§ **EXERCISE BRIEF**: The needed output is the run of lines below from the one containing "Compresor rotatorio de" through the one containing "Filippa K - Flared-hame", copied exactly and free of pictures.

§ **EXERCISE DATA**:
==============================
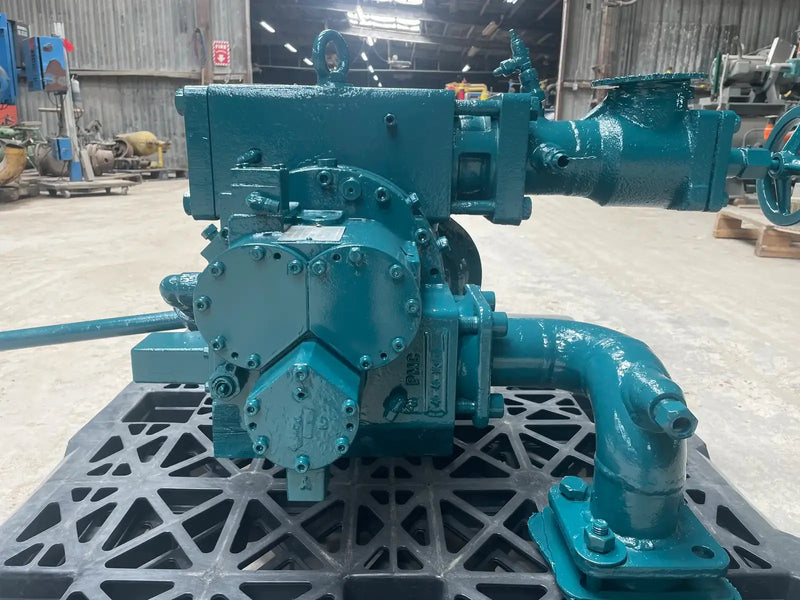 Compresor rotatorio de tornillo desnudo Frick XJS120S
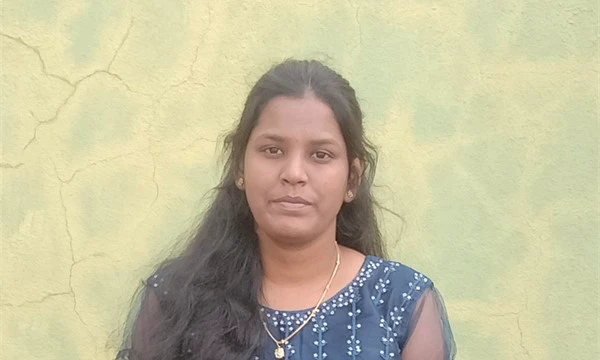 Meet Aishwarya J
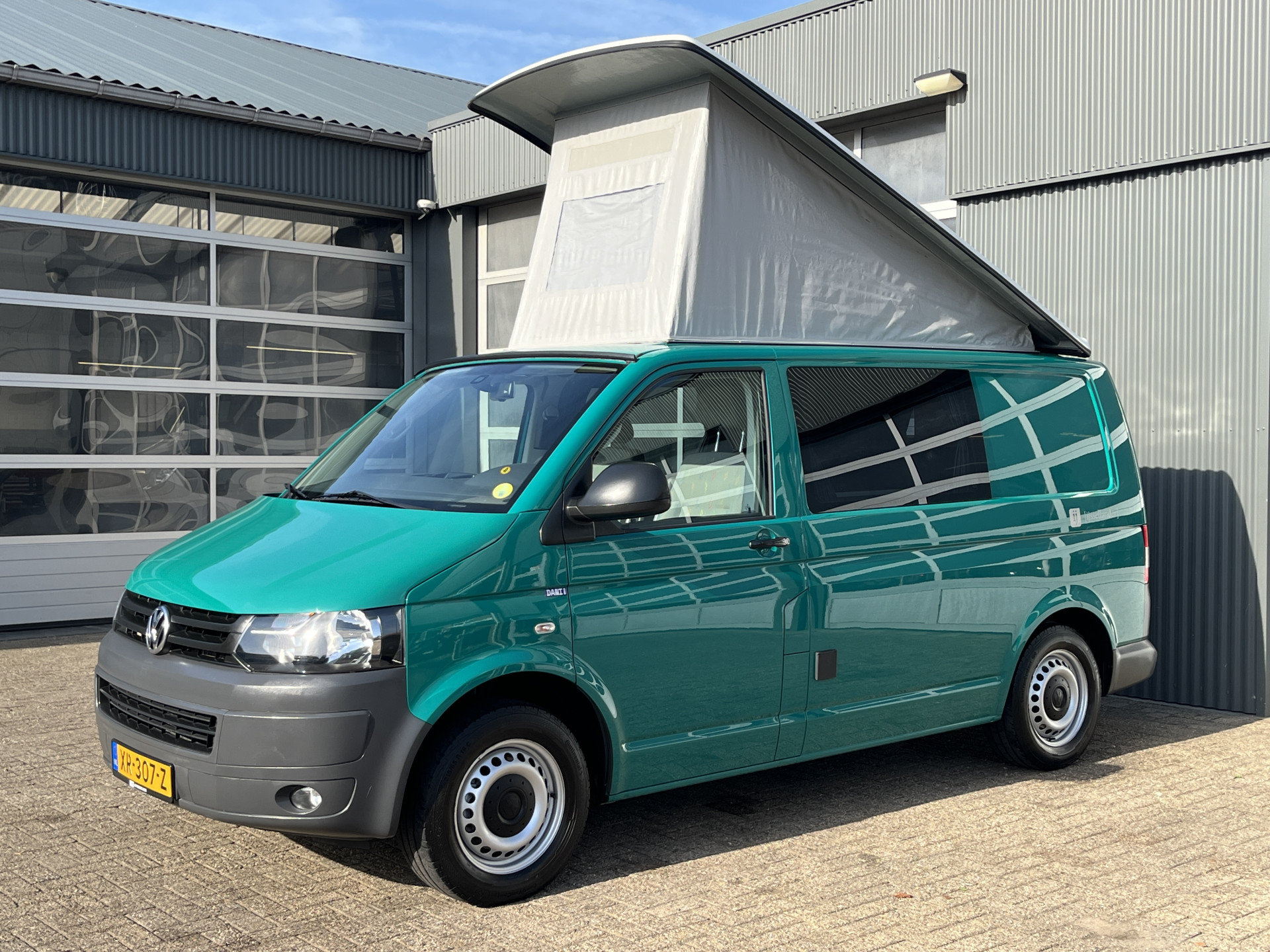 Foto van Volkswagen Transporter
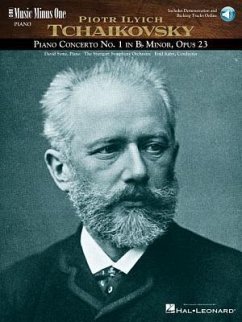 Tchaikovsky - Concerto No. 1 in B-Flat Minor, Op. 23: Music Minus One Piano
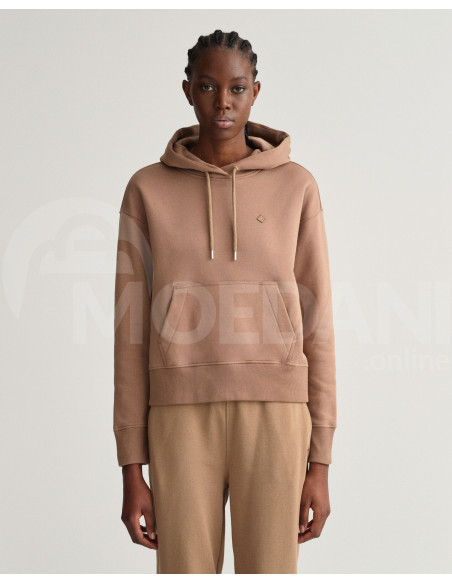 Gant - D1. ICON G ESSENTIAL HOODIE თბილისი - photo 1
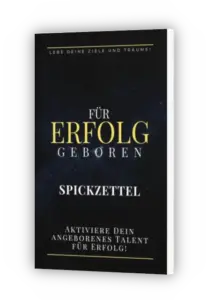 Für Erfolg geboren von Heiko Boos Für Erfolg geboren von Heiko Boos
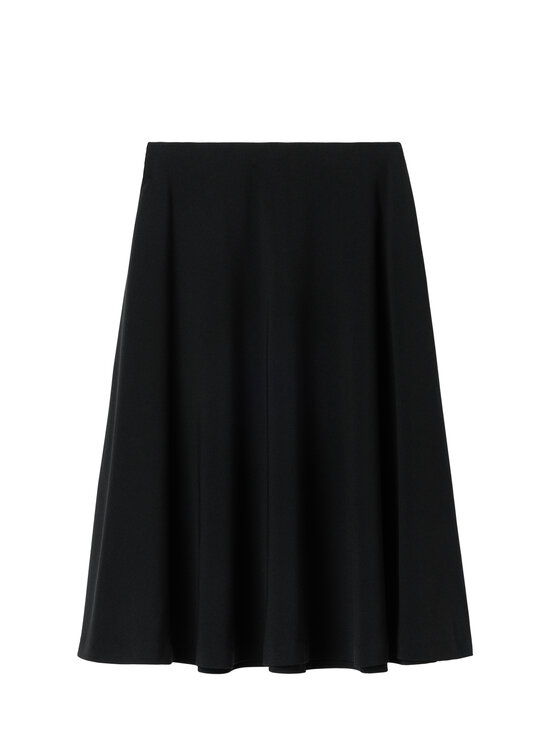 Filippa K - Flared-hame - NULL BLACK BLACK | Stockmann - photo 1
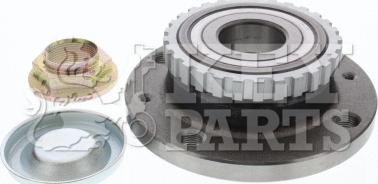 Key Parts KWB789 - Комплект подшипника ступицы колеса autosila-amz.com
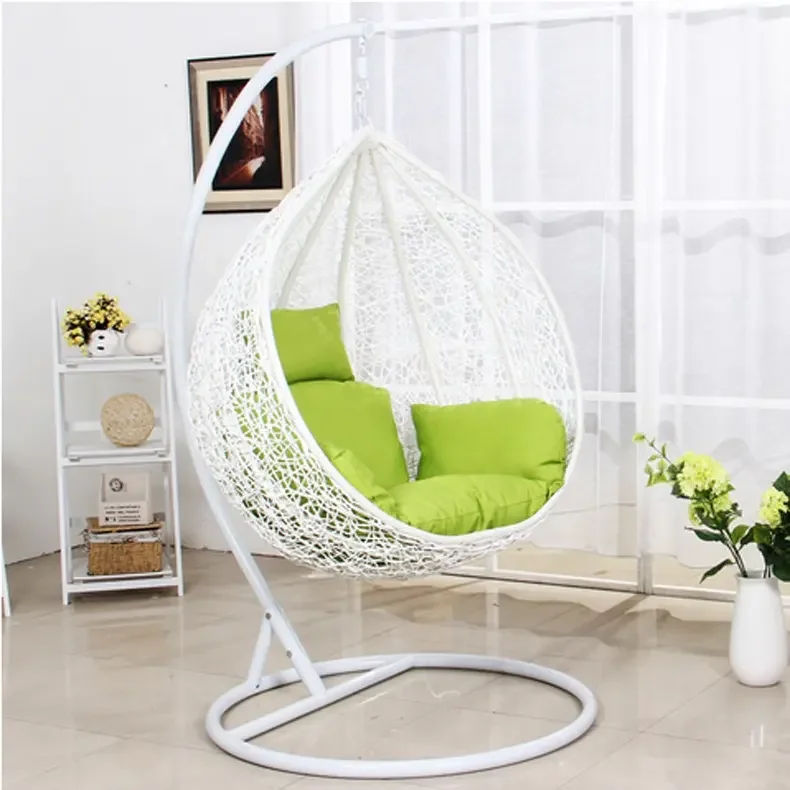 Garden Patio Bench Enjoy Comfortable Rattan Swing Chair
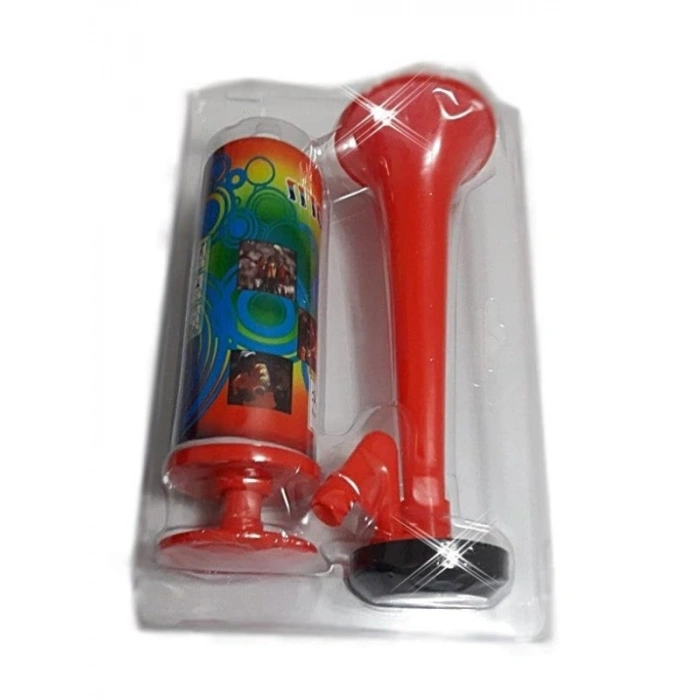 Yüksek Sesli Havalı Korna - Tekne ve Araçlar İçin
==============================
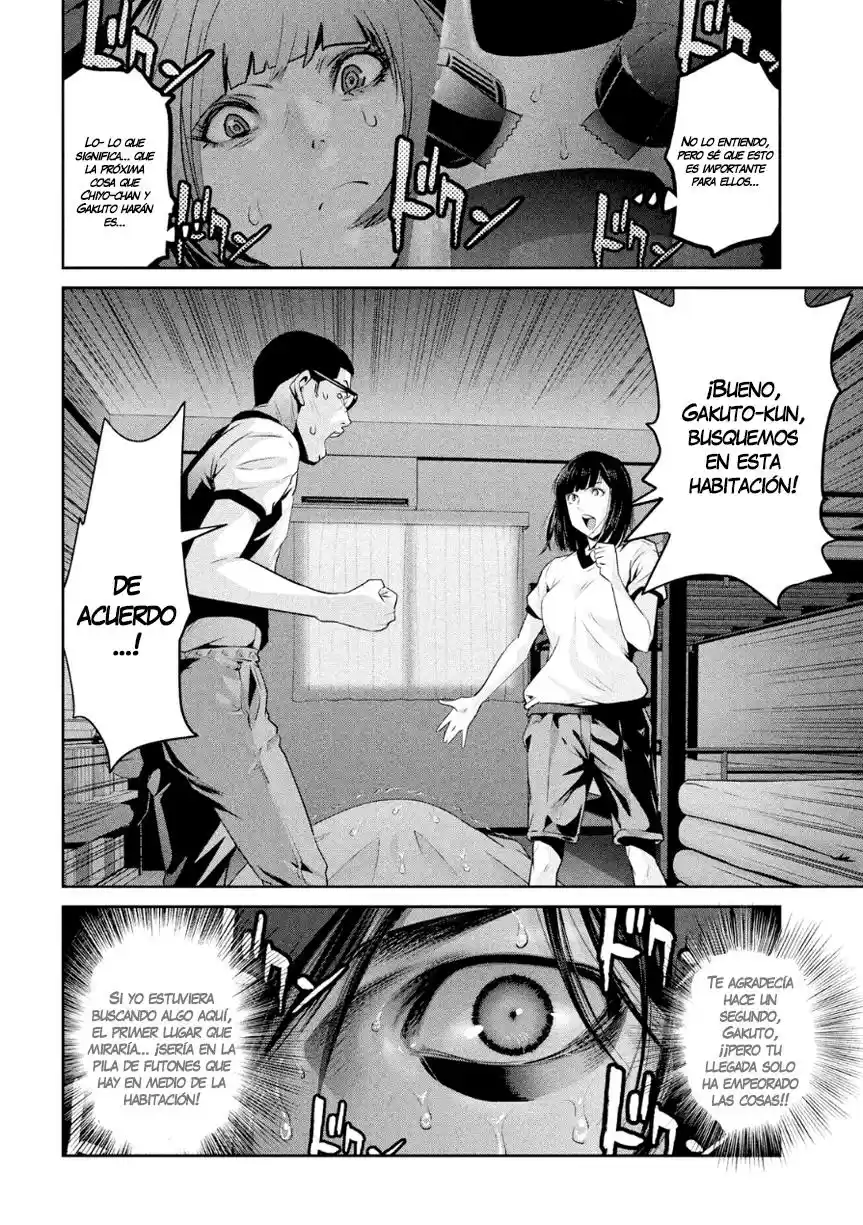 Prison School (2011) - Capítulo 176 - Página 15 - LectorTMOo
==============================
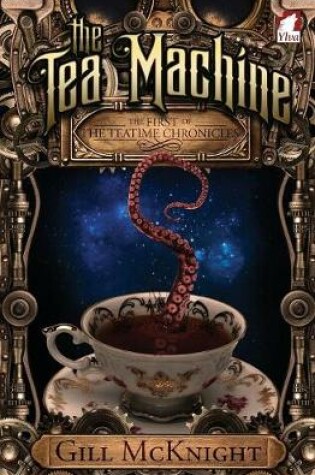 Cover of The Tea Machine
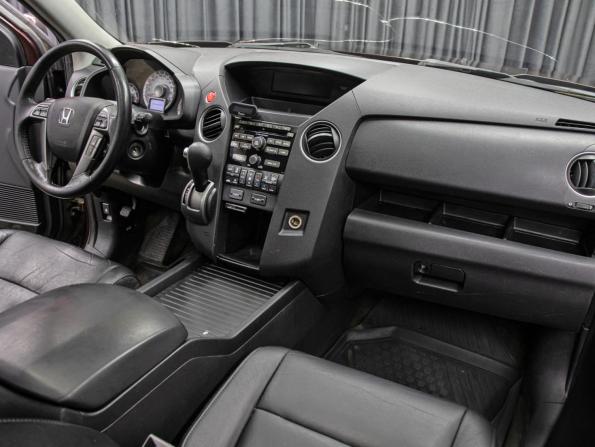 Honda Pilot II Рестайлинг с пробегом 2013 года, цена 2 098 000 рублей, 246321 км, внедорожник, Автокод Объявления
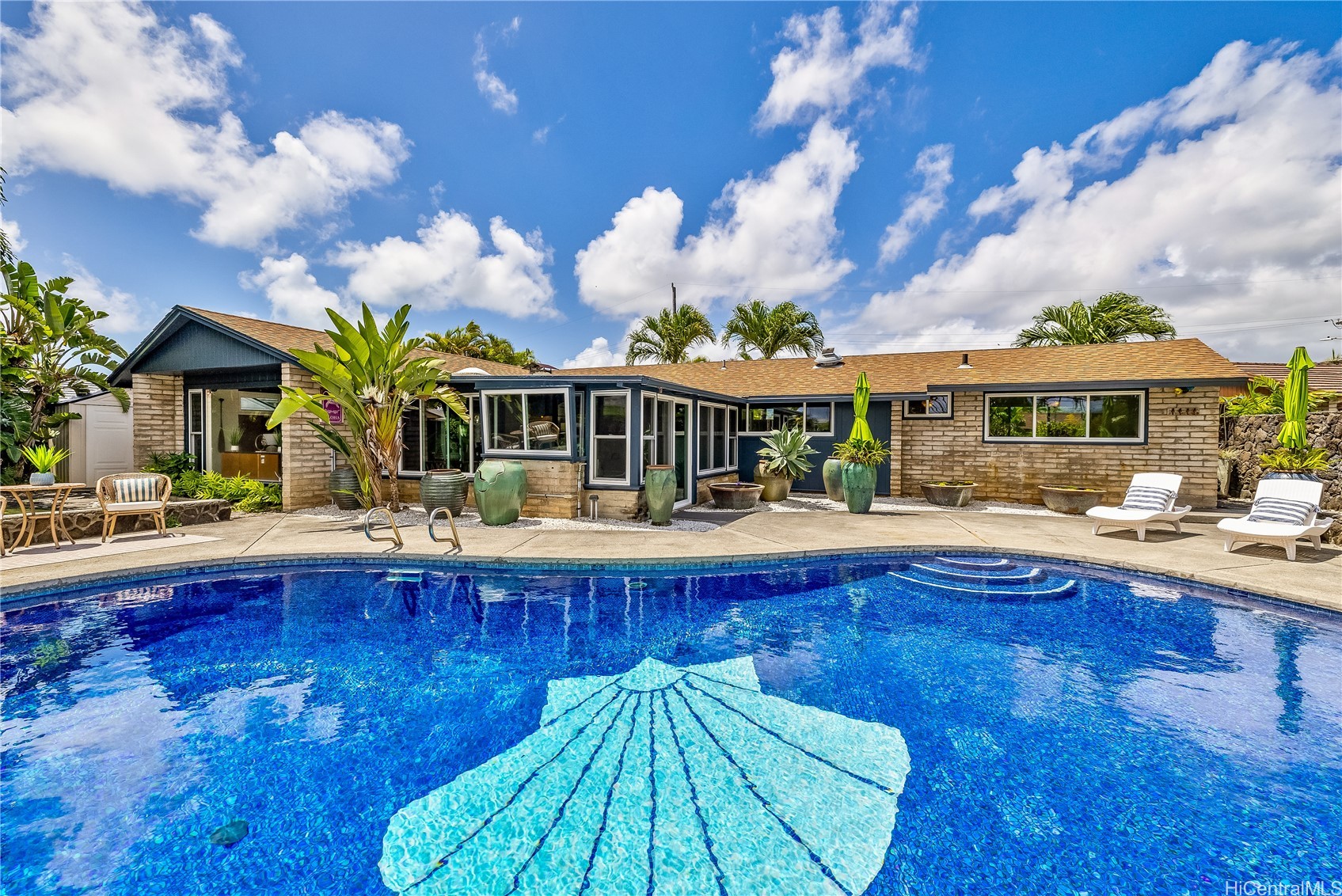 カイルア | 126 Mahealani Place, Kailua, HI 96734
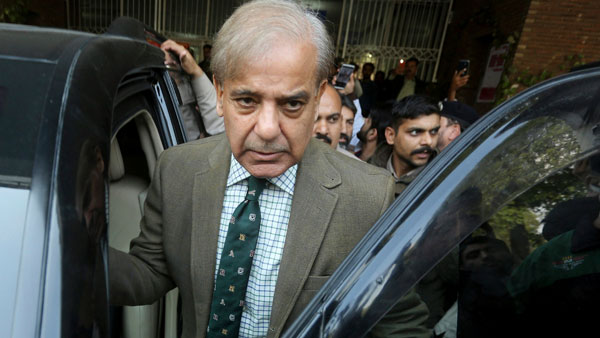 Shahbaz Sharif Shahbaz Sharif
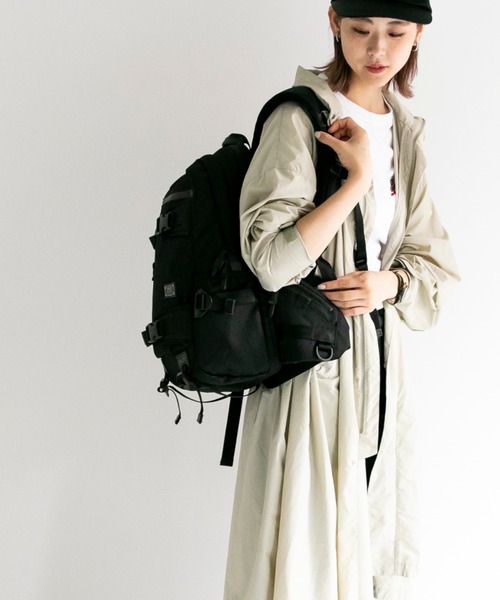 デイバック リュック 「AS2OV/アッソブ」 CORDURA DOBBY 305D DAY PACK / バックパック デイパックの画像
==============================
§ **COMPLETED EXERCISE**:
 Compresor rotatorio de tornillo desnudo Frick XJS120S
 Meet Aishwarya J
 Foto van Volkswagen Transporter
 Tchaikovsky - Concerto No. 1 in B-Flat Minor, Op. 23: Music Minus One Piano
 Gant - D1. ICON G ESSENTIAL HOODIE თბილისი - photo 1
 Für Erfolg geboren von Heiko Boos Für Erfolg geboren von Heiko Boos
 Filippa K - Flared-hame - NULL BLACK BLACK | Stockmann - photo 1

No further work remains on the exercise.